Extracting and storing metadata for faster loads, richer metadata, non frictionless datasets etc.
Summary
- Situation: we do all computation to render a project root page in frontend code
- Problem: this is slow and has a bad smell (in sense this code should be done once in backend)
- Solution: part i (for now) is to refactor logic to compute all info for dataset projects on "way in" (i.e. when we sync) and save in a single file in backend (r2 or db). Once we have done this we will reflect on next steps.
- Appetite: 5d (probably will need less)
Situation
- Rendering of main page of a project may involve up to 8 reads from R2
- No Project title in database
- Title of Project home page is computed in code at runtime with a complex logic
- Site is quite slow (e.g. 3s+ to render a page)
- Working out what "type" of page we are doing happens at runtime on each page run
- We don't have information like file sizes (which is available to us from github APi) actually rendered in the frontend unless it has been copied manually into datapackage.json
(Future) Needs - some examples
- README + csv works Able to render from less structures projects e.g. just README.md and data.csv TODO: see previous pitch
- Richer summary info Provide summary information about a dataset e.g. counts of what data files, total size, data information (e.g. number of rows etc)
- Show backlinks: for more PKM style setups we want to render network map
- Given an sqlite file show me its tables and information in it
- Same for Excel
- Generate SEO previews:
- …
Problem
Poor performance and/or complex business logic in presentation layer
- Slow site b/c rendering can use multiple requests see appendix (min 3 to even 8 (more?) DB/R2 requests).
- Frontend is doing lots of business logic (e.g. computing the title field, consolidating size information) which is error prone and hard to reason about long-term
- And may also be slow/expensive: on top of multiple R2/DB requests we're also performing the following computations before the passing it to the renderer component (MdxPage) e.g.

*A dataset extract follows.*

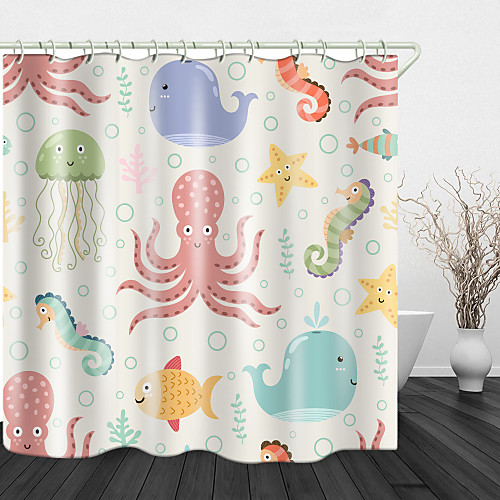 

Marine Life Print Waterproof Fabric Shower Curtain for Bathroom Home Decor Covered Bathtub Curtains Liner Includes with Hooks
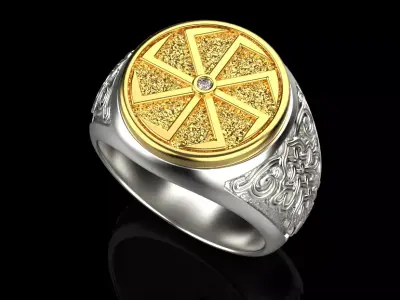 ring with Kolovrat and diamond 3D print model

TODO
- Data layer does not contain relevant information and/or not nicely consolidated e.g. Don't have key metadata computed e.g. backlinks or size information
There's some overlap here between these points.
Let's take one example: we are doing multiple requests because we don't know if datapackage.json/yml even exists. This is consolidation issue in some regards.
Solution
KISS:
- Let's focus just on the project root for now (we will fix other files later …)
- We compute a single json file (we can call it
project.json
ordatapackage.json
or whatever) that is the consolidated version of what we want
{
title: My cool dataset
description: My short description for this stuff.
_content: // markdown string (even better if links are resolved)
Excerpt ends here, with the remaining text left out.